Faute de reposer sur une quelconque nécessité, ces normes ont-elles au moins une utilité ? Pour en juger sur le plan démographique, il faut se rapporter au contexte, aujourd'hui dépassé, qui prévalait lorsqu'elles ont pris corps : il fallait alors maximiser la fécondité pour assurer le renouvellement des générations à une époque où la mortalité infantile était très forte. La polygamie permettait-elle d'avoir plus d'enfants ? On pourrait croire, à première vue, que la réponse diffère selon que l'on adopte le point de vue de la mère ou celui du père. Individuellement, il est bien clair qu'un homme pourra avoir, toutes choses égales par ailleurs, plus d'enfants s'il est polygame que s'il est monogame, alors que pour la femme, que son mari soit polygame ou non, la situation ne changera guère. Mais qu'en est-il sur le plan collectif, pour la fécondité de la population ? Curieusement, là aussi, cela semble dépendre des points de vue. On a pu calculer, par exemple, que, chez les Peuls Bandé du Sénégal oriental, le taux de fécondité était de 7 enfants par femme mais de 12 enfants par homme. Résultat paradoxal puisque ces taux sont obtenus avec le même nombre d'enfants et que l'on sait qu'il y a à peu près autant d'hommes que de femmes.

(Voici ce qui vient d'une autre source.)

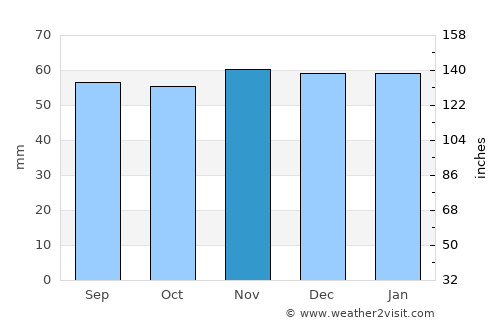 Vierzon average rain in November
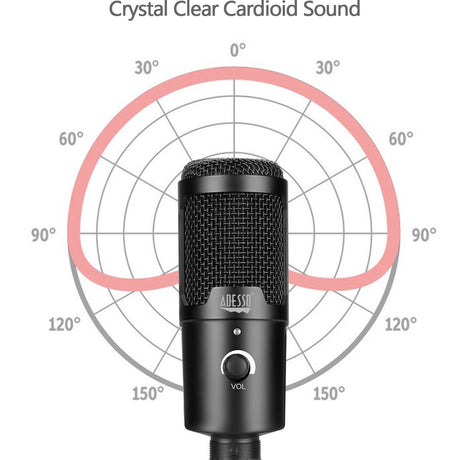 Adesso M4 Wired Condenser Microphone for Video Conferencing, Live Streaming, Meeting Room — XtreamM4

En fait, ce résultat n'est pas tant dû à la polygamie elle-même qu'au fait que les hommes ont en moyenne leurs enfants nettement plus tard que les femmes. Aux âges où ils procréent, ils sont moins nombreux que les femmes et, pour avoir le même nombre d'enfants, leurs taux de fécondité doivent être plus élevés. Mais, finalement, pour cette même raison, cette fécondité supérieure des hommes ne change en rien la capacité de reproduction de la population. Les hommes ont en moyenne plus d'enfants, certes, mais comme il leur faut plus de temps pour les faire, le renouvellement des générations ne sera pas plus rapide chez les hommes que chez les femmes. Les hommes peuvent ainsi croire que grâce à leur polygamie, ils accroissent la capacité de reproduction de la population. En réalité, ce n'est qu'une illusion.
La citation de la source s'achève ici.